C++ vector::operator= member function

The C++ vector operator= assignment functions assign one vector to another.We can perform vector assignment in three ways.

T:Type of the vector.

1 vector& operator=(const vector& x);
2 vector& operator=(initializer_list<T> l);(added in C++11
3 vector& operator=(vector&& x) noexcept; (added in C++11 )

More discussion of these functions is provided below.

vector& operator=(const vector& x);

This operator function simply assigns the right side vector to the left side vector.In assigning the vector all the elements of the right vector is copied.Note only the elements are copied not the extra storage the right vector might hold.
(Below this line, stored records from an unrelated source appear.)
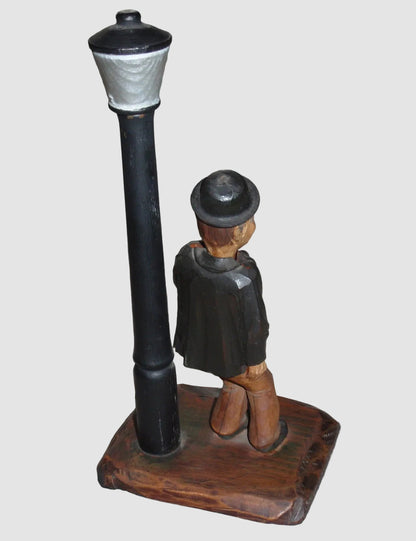 "Barware Set" Anri Woodcarving Man With Street Lamp Corkscrew & Bottle Opener (10.25")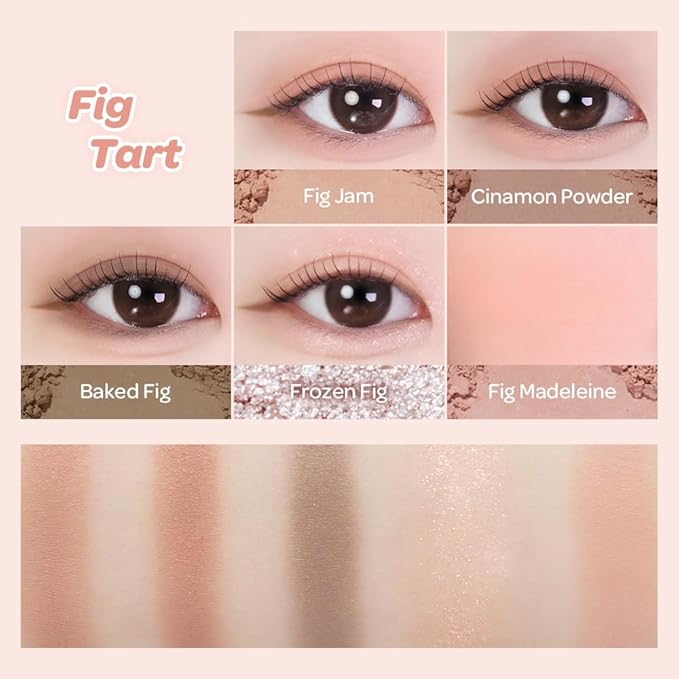 I'M MEME Mini 2-in-1 Palette - Multi Cube 08 Fig Tart | Portable, Versatile, 4 Eye-shadows and 1 Blush, Soft Touch, Suitable For Daily Blending, Long Wear Blendable, Pearly Finish, 0.27 Oz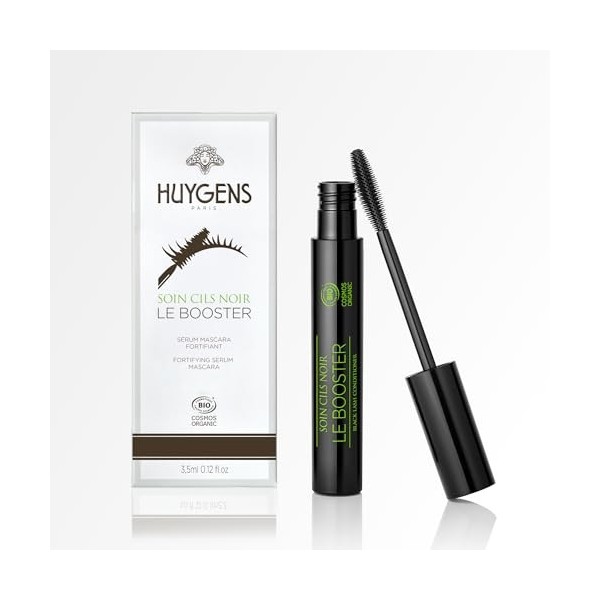 HUYGENS Le Booster Soin Cils Noir – Sérum & Mascara Noir 2-en-1 – Allonge, fortifie et stimule la croissance naturelle des ci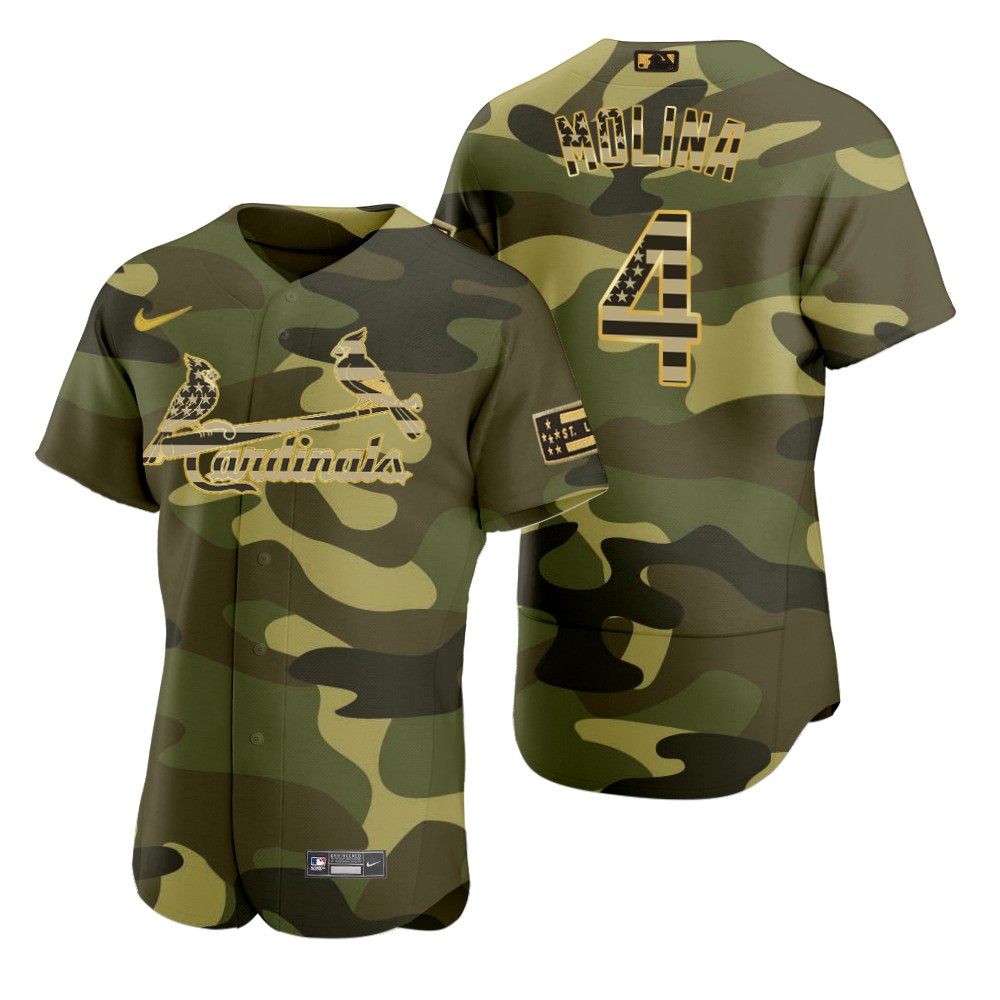 St. Louis Cardinals Yadier Molina Camo 2022 Armed Forces Day Jersey St. Louis Cardinals Yadier Molina Camo 2022 Armed Forces Day Jersey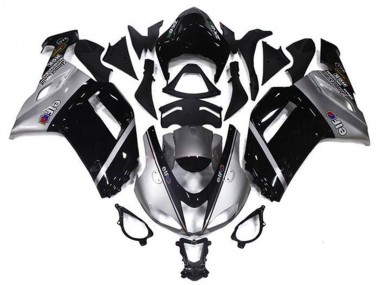 2007-2008 Silver Black Elf Kawasaki ZX6R Motorcycle Fairings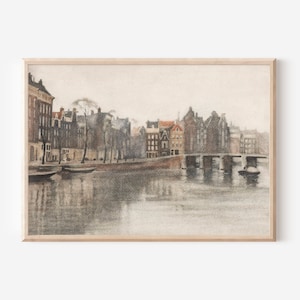 Vintage Europe Riverwalk Print | Abstract Landscape (Digital Download)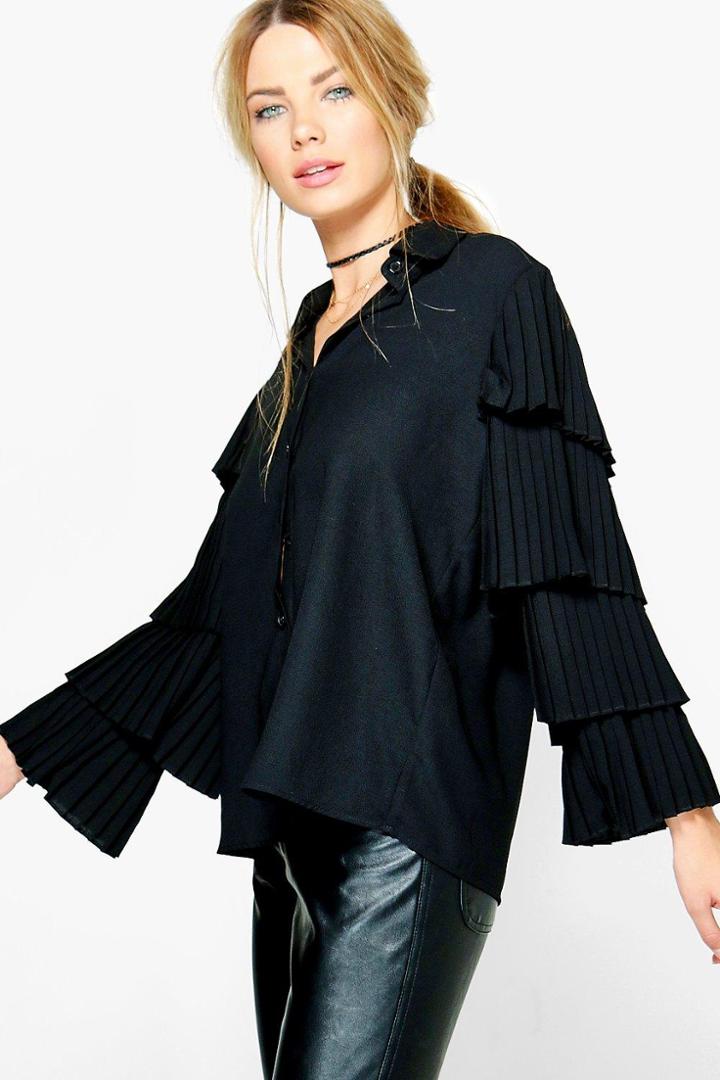 Boohoo Alisha Ruffle Tiered Sleeve Shirt Black
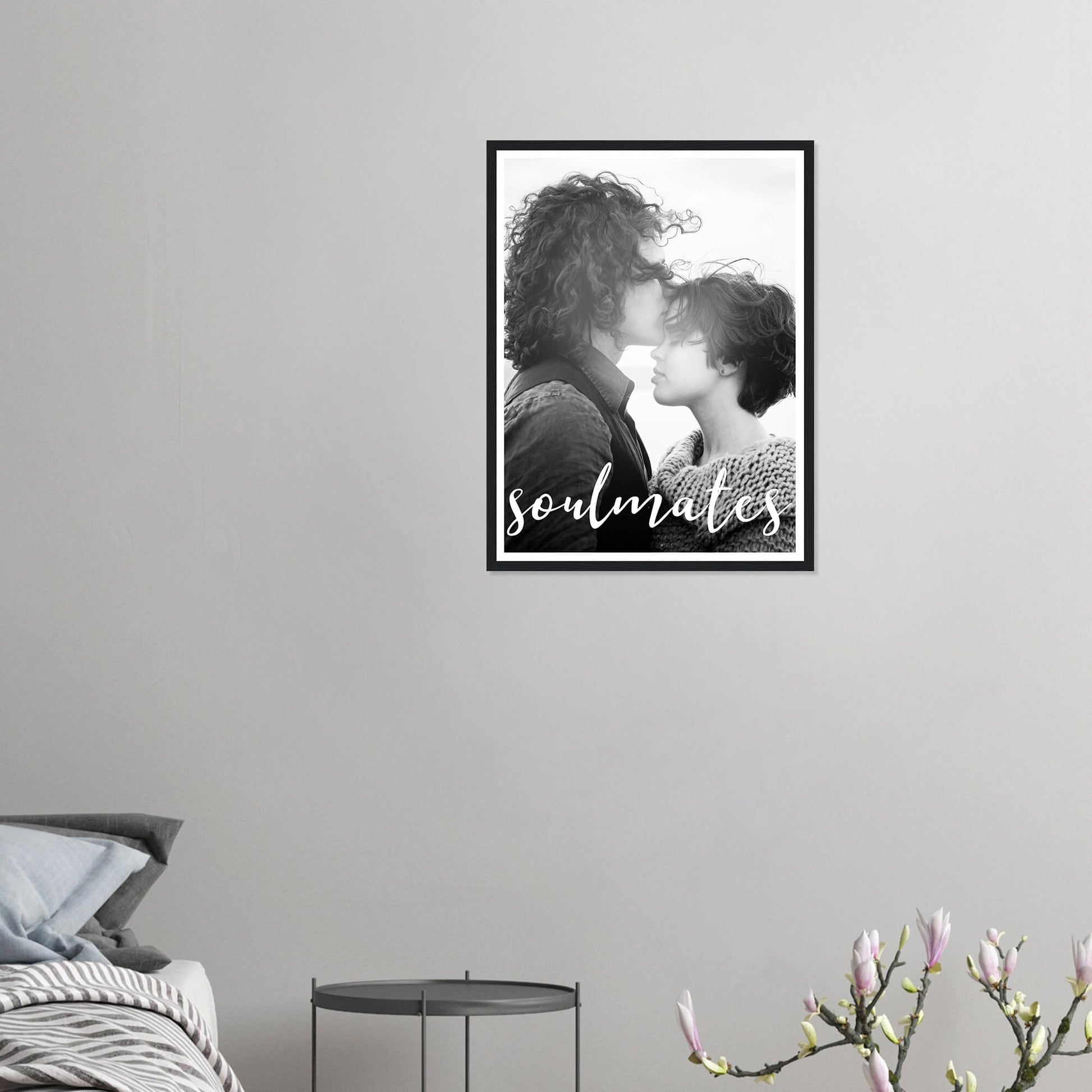 Soulmates personalised photo print in black frame 18x24 inches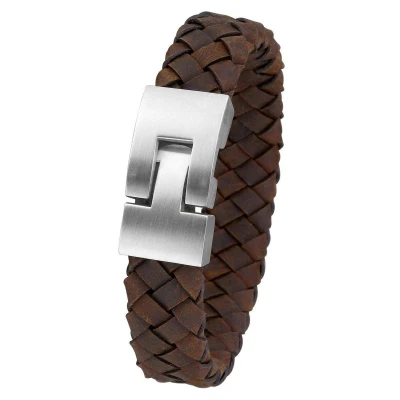 Afbeelding van Lucardi Gevlochten Armband silvercoloured, Heren, Maat: 22cm, Silver coloured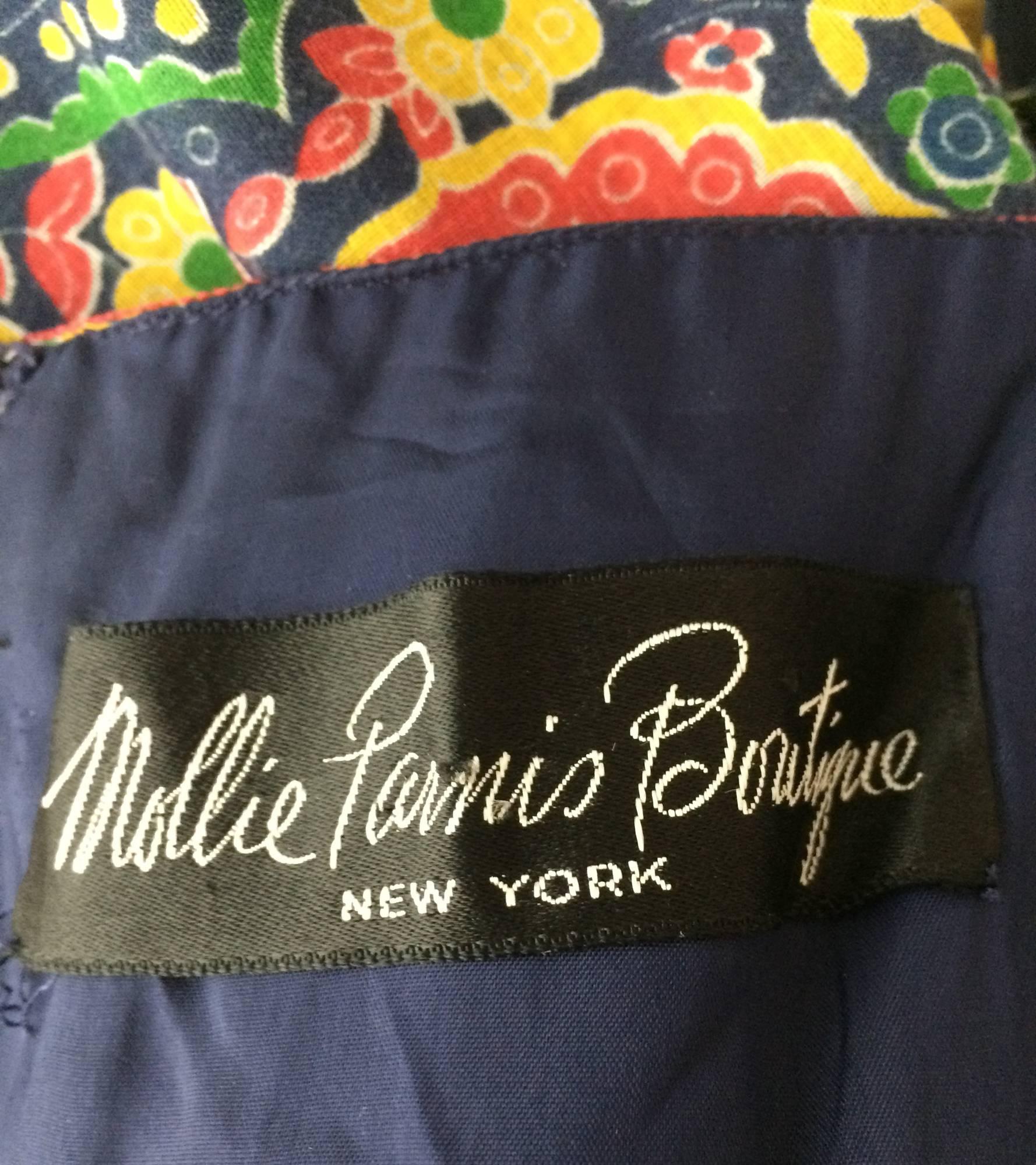 Vintage Mollie Parnis floral gauze ruffle shoulder maxi dress 1960s 1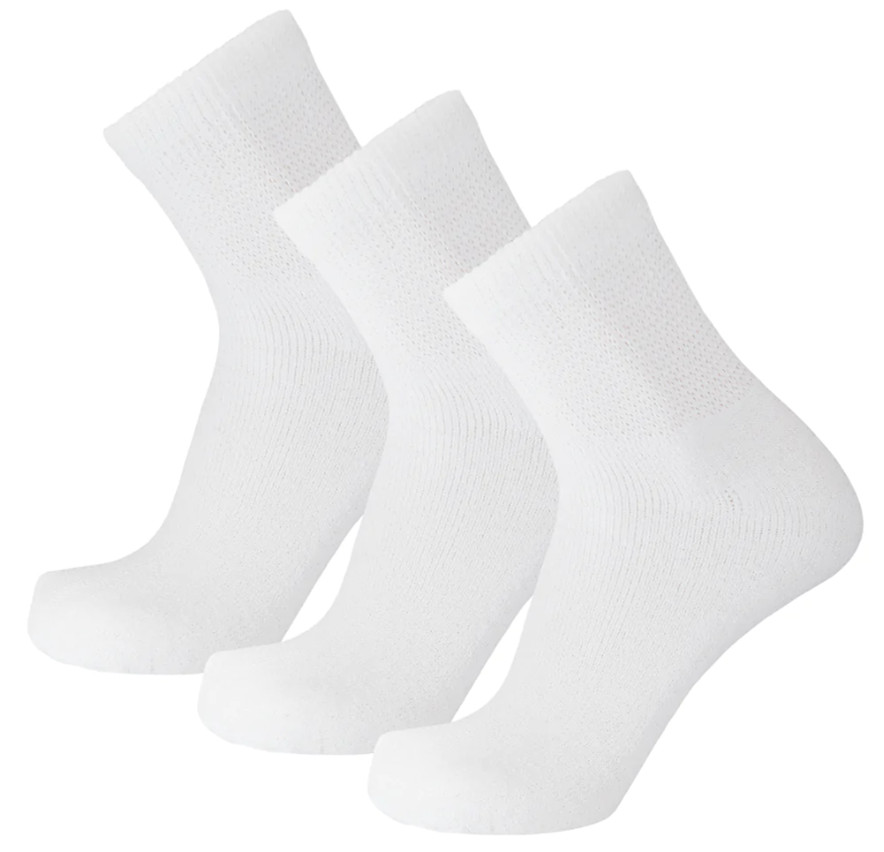 3-12 Pairs Men Circulatory Diabetic Health Ankle Quarter Cotton White Socks 9-15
x – A vector to be assigned to another vector.

Return type
vector& – A reference to the vector.

vector<int> vec={ 2 , 43 , 90 } ,
vec1 ;

vec1=vec ;

/* accessing vec element */
for( auto elem:vec )
cout<< elem << ” ” ;

/* accessing vec1 element */
for( auto elem:vec1 )
cout<< elem << ” ” ;


2 43 90
2 43 90

Here is another code example showing that the extra storage is not copied.

Link :Vector capacity

vector<int> vec2 ;
vec.reserve( 5 ) ;

vec2=vec ;

cout<< “vec capacity =” << vec.capacity( ) << endl
<< “vec2 capacity =” << vec2.capacity( ) ;


vec capacity=5
vec2 capacity=3

The capacity of vec2 is only 3 not 5 ,although vec whose capacity is 5 is assigned to it.The extra two storage is not copied by vec2.

vector& operator=(initializer_list<T> l);(added in C++11 )

This function is added in C++11 and the vector is assigned using an initializer_list object.

l – An initializer_list object assigned to the vector.

Return type
vector& – A reference to the vector.

Assigning an initializer_list object to the vector will completely change the vector resulting in the vector size same as the number of elements assigned.The old data of the vector is lost.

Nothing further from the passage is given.